Data Flow and Failover Scenario​

The power of this architecture lies in its automated response to a disaster.

  1. Normal Operation:
    • Users' DNS queries are resolved by Route 53, which directs them to the closest or healthiest region (e.g., Region 1).
    • Traffic enters the VPC in Region 1 and is distributed by the Elastic Load Balancer to an available application server.
    • The application server processes the request and writes data to the DynamoDB Global Table endpoint in Region 1.
    • DynamoDB automatically replicates that write to the table in Region 2, typically within a second.
  2. Disaster/Failover Scenario:
    • A major outage makes Region 1 completely unavailable.
    • Route 53 health checks fail for the endpoint in Region 1.
    • Route 53 automatically stops sending traffic to Region 1 and directs 100% of user traffic to Region 2.
    • Because Region 2 is already running a full, active copy of the application and has an up-to-date copy of the data (thanks to Global Tables), it can immediately begin serving all traffic.
    • The failover is seamless to the end-user, achieving a near-zero RTO and an RPO of only a few seconds at most.

Comparison of DR Strategies​

Choosing the right strategy requires balancing business needs against implementation costs. This table summarizes the four approaches.

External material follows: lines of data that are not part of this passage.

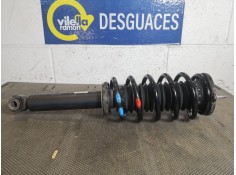 Recambio de amortiguador delantero derecho para peugeot 407 sw  | 0.04 - ...  | 0.04 - ... referencia OEM IAM    2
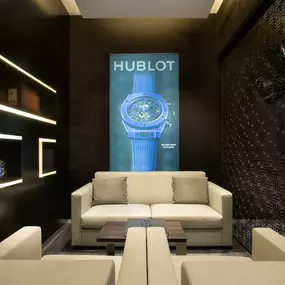 Bild von Hublot Dallas Boutique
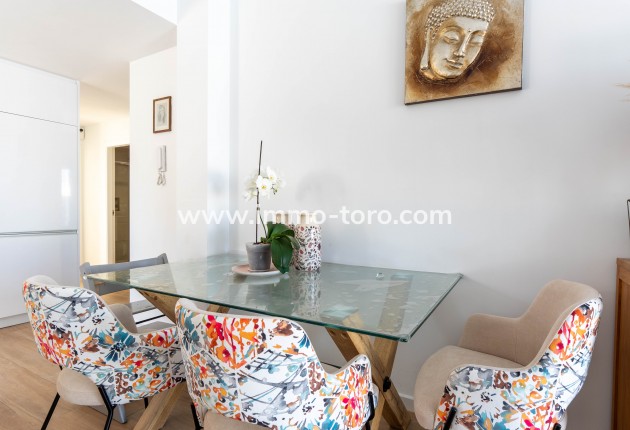 New Build - Villa - Murcia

StrategyRPO / RTOCostKey Characteristics & Use CaseCommon AWS Services
Backup and RestoreHours$Lowest cost. Suitable for lower-priority applications, development, and test workloads where extended downtime is acceptable.Amazon S3, AWS Backup, Amazon EBS Snapshots, Amazon RDS Snapshots. Manual or scripted resource provisioning.
Pilot LightTens of minutes$$Keeps a minimal "core" running (e.g., database). Faster recovery than backup/restore. Good for important but not business-critical apps.Amazon RDS (read replica), AWS CloudFormation, Auto Scaling Groups (at min size 0), Amazon EC2.
Warm StandbyMinutes$$$Runs a scaled-down, but fully functional, version of the application. Quicker failover. Ideal for business-critical applications.Amazon Route 53, Auto Scaling Groups (at small size), Elastic Load Balancing, Amazon RDS (multi-AZ).
Multi-Site Active/Active (or Hot Standby)Real-time / Near-zero$$$$Highest availability and resilience, with zero or near-zero downtime. For mission-critical services that cannot tolerate any interruption.Amazon Route 53 (health checks), ELB in multiple regions, DynamoDB Global Tables, Aurora Global Database.